O programa leninista era de realizar a transição para o comunismo. Com a morte de Lenin, Stálin assumi e começa a dar um direcionamento para uma aceleração do processo de acumulação de capital no campo e na indústria. É preciso reduzir rapidamente o gap econômico e tecnológico existente entre a sociedade soviética e a sociedade ocidental. Isto será realizado rapidamente. Nos anos 30 este desnível já será passado. Ora mais aí ficava uma questão, aquilo já era o socialismo ou o comunismo ou ainda havia algo a ser feito? Teoricamente ainda se distava bastante do ideal comunista ou socialista. Mas Stálin decreta que a transição para o comunismo já havia sido encerrada e que aquela era a sociedade comunista.

Os críticos de direita vão chamar aquelas sociedades de socialismo real. No sentido de que o que o socialismo ou comunismo podem fazer é apenas aquilo. O socialismo ou o comunismo não são aquilo que está na teoria, mas aquilo que está ali e se pode ver e não pode ser nada mais do aquilo.

Os primeiros críticos de esquerda serão Trotsky e os seus discípulos que iram considerar que a sociedade soviética estava efetivamente no caminho do socialismo, estava em transição, mas havia sido dominada pela burocracia. A burocratização da sociedade, do partido e das instituições políticas havia paralisado o avanço do socialismo, era preciso desbloqueá-lo, mas a URSS considerava sendo uma sociedade em transição.

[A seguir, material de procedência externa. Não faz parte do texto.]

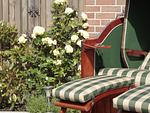 Terrasse - Ferienwohnung Sailor - Top-Hundeurlaub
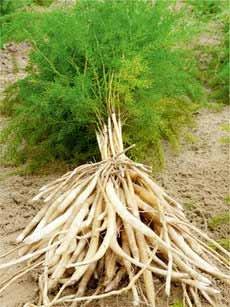Organic Shatavari Root, for Ayurvedic Medicine, Packaging Type : Jute Bags, PP Bag, Sack Bag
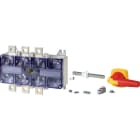 EATON - EAO6094970 DMV-250/4/M4/P-R SEZ 4P 250A ALB MAN ROS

A segunda onda de críticas à esquerda são as do capitalismo de Estado. A URSS sequer teria iniciado a transição ao socialismo, seria de fato um Estado capitalista cujo controle dos meios de produção estaria nas mãos da burocracia que exploraria o proletariado. Após a queda do socialismo do Leste Europeu, Robert Kurz, em Colapso da Modernização, escreveu para mostrar que o modelo de economia que Lenin tinha para a Rússia era o capitalismo alemão. Portanto reinterpreta o socialismo real do Leste Europeu apenas como um instrumento para acelerar a acumulação de capital e permitir que a Rússia superasse seu atraso secular em relação ao Ocidente.

Estas críticas são críticas gerais sobre a natureza econômica do sistema. Obviamente há “n” variações destas mesmas críticas ao se considerar os autores em particular críticas, e há outras críticas centradas nas questões políticas do regime.

Por fim, o termo capitalismo de Estado também foi utilizado e talvez mais popularmente seja utilizado assim, na divulgação feita por Paul Boccara. O capitalismo de Estado seria uma sociedade capitalista, sem qualquer projeto de socialismo ou comunismo, onde o Estado assume cada vez mais funções econômicas em função do processo de concentração e centralização do capital. Ou seja, o capitalismo monopolista daria origem a um capitalismo monopolista de Estado. E as facções comunistas que adotaram esta idéia imaginavam que a partir daí a transição para o socialismo seria muito mais fácil, pois o Estado já teria o controle da economia. Também se utilizou o termo para designar as sociedades periféricas, como o Brasil, onde o avanço do desenvolvimento capitalista com o processo de industrialização foi conduzido pelo Estado e não pela burguesia nacional. Capitalismo de Estado, portanto, é um termo controverso e ao se utilizá-lo academicamente é preciso definir o sentido que está sendo atribuído a ele.